4.1. Characteristics of Datasets
The datasets chosen for evaluating the proposed network’s performance can be categorized into three groups, each of which has been widely adopted as a benchmark for DL-based DTM reconstruction study. Our study aims to comprehensively analyze these datasets and evaluate the performance of our proposed method.
4.1.1. USGS
The present study aims to deliver a comprehensive insight into the USGS datasets [
37]. The USGS dataset contains four main subsets with geographical and structural information, tabulated in
Table 1. It is worth noting that SU itself has been divided into three parts: SUI, SUII, and SUIII (
Figure 3). Similarly, the KA subset has been separated into two main parts: KAI and KAII (
Figure 4). However, RT (
Figure 5) and KW (
Figure 6) are not divided into smaller parts.
Table 2 presents the statistical characteristics of the USGS dataset. In the SUI region, the DSM and DTM datasets show minimal differences in mean and median values, with a mean of around 1519 m for both datasets. This indicates a consistent elevation profile across the region. The maximum values for DSM and DTM are nearly identical, suggesting that the highest elevation points are captured similarly in both models. The 5th and 95th percentile values are very close, indicating a less varied elevation range compared to the KW region.

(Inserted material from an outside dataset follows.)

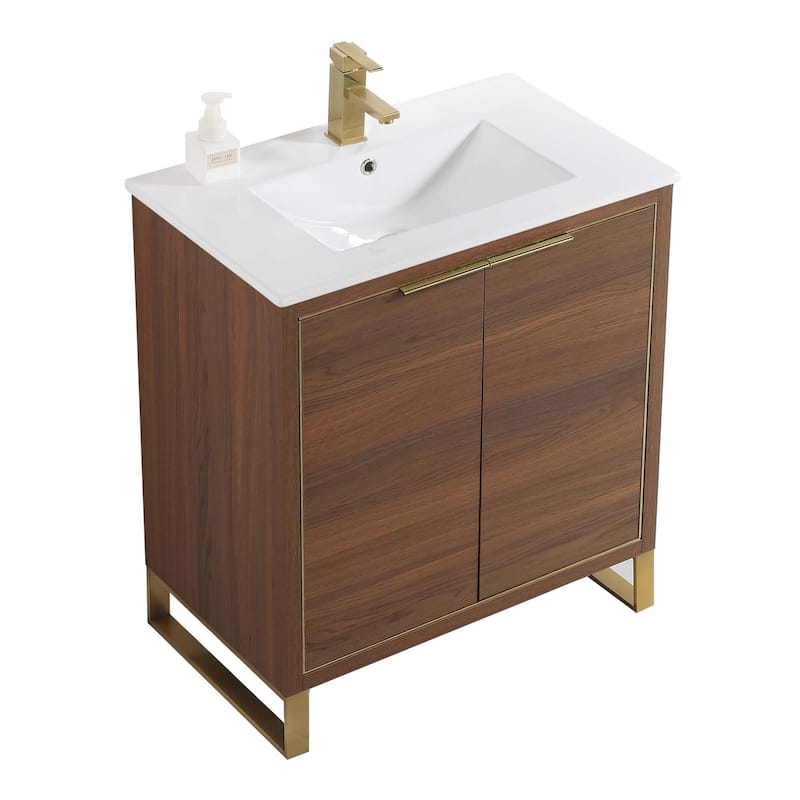 Fine Fixtures Opulence Collection Bathroom Vanity with White Ceramic Sink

For the SUII region, there’s a slight decrease in mean elevation values compared to SUI, with the DSM and DTM means around 1445 m and 1443 m, respectively. The standard deviations are lower here, indicating a more uniform elevation profile. The maximum elevation is significantly lower than in the KW and SUI regions, which could suggest a less rugged terrain.
The SUIII region presents higher mean and median values than the previous regions, with means around 1699 m. The high standard deviation indicates a wider range of elevation differences, possibly due to more varied terrain. The maximum elevation is between those of KW and SUI, suggesting a mix of terrain features.
The KA region shows moderate mean elevation values (236.53 m for DSM and 233.09 m for DTM) compared to the other regions. The standard deviations are higher than in RT but lower than in the mountainous regions, indicating a moderate variation in elevation. To provide a better understanding of the position of the network’s input (i.e., DSM) to the network’s output (i.e., DTM), the fitted normal distribution for each subset/region has been illustrated in
Figure 7 as well.
For the KW region, the DSM and DTM mean values are closely aligned at 1611.45 m and 1603.88 m, respectively, suggesting a relatively consistent elevation profile between the surface and terrain models. However, the standard deviation is slightly higher for the DTM, indicating more variation in terrain elevation compared to the surface. Notably, both models share the same maximum value of 3111.84 m, pointing to a significant elevation feature present in both datasets. The 95th percentile values are identical for both models, reinforcing the presence of high-elevation features. The RT region stands out with significantly lower mean values (11.12 m for DSM and 9.73 m for DTM), indicating a very flat region. The negative minimum value in the DSM dataset might represent an artifact or, less likely, a below-sea-level feature. The maximum values are notably lower than in other regions, emphasizing the flatness of the area.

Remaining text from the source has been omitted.